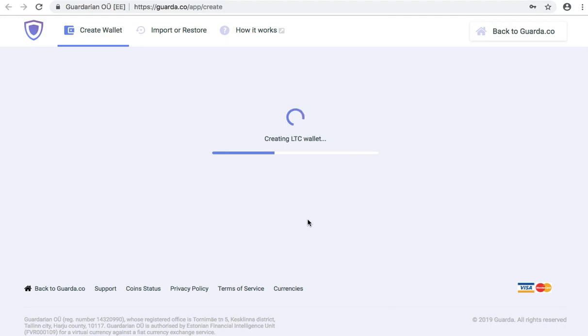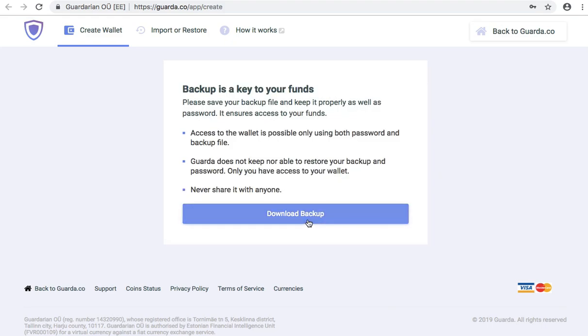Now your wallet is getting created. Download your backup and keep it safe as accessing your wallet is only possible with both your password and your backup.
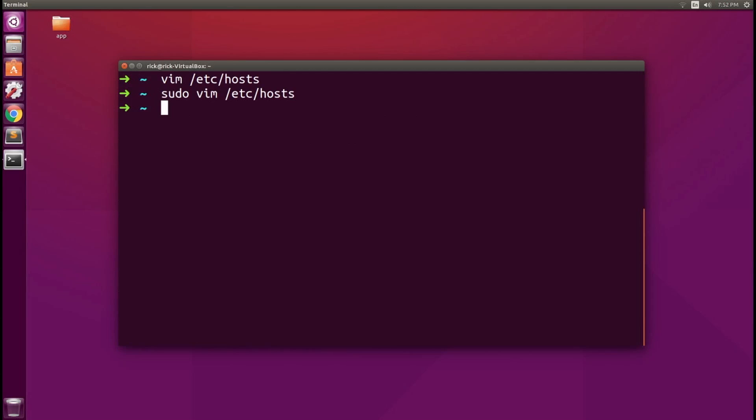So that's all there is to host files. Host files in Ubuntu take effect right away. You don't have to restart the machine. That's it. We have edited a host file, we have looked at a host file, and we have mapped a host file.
* * *
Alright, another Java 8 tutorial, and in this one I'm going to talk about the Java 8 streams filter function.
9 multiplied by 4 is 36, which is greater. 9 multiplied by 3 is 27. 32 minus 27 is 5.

* [WORK REQUEST] After locating the line containing "Now your wallet" in the entries above, return it and every line after it exactly, ending at the line containing "So that's all", without pictures.

* [EXERCISE RESULT]
Now your wallet is getting created. Download your backup and keep it safe as accessing your wallet is only possible with both your password and your backup.
So that's all there is to host files. Host files in Ubuntu take effect right away. You don't have to restart the machine. That's it. We have edited a host file, we have looked at a host file, and we have mapped a host file.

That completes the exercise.